Task
The required output is a word-for-word restatement of the material below, from the line with "Gigi Clozeau 18kt" through its last line, inclusive.
(Beginning of Input data)
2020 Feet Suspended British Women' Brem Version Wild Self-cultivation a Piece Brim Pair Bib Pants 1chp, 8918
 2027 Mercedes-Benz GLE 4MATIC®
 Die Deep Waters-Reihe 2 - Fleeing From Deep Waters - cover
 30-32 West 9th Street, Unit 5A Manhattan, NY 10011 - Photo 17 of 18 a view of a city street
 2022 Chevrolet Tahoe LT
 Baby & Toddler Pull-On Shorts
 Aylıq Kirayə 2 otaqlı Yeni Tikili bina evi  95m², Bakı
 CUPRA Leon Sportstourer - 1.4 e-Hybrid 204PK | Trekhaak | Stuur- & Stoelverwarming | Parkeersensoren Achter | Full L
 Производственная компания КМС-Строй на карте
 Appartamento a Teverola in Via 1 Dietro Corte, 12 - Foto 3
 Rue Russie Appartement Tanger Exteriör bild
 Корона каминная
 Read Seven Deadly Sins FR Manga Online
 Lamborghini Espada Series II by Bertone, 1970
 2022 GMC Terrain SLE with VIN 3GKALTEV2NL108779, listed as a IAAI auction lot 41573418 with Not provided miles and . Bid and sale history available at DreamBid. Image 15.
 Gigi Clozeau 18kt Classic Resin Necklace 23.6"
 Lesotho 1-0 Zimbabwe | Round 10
(End of Input data)
Answer box
 Gigi Clozeau 18kt Classic Resin Necklace 23.6"
 Lesotho 1-0 Zimbabwe | Round 10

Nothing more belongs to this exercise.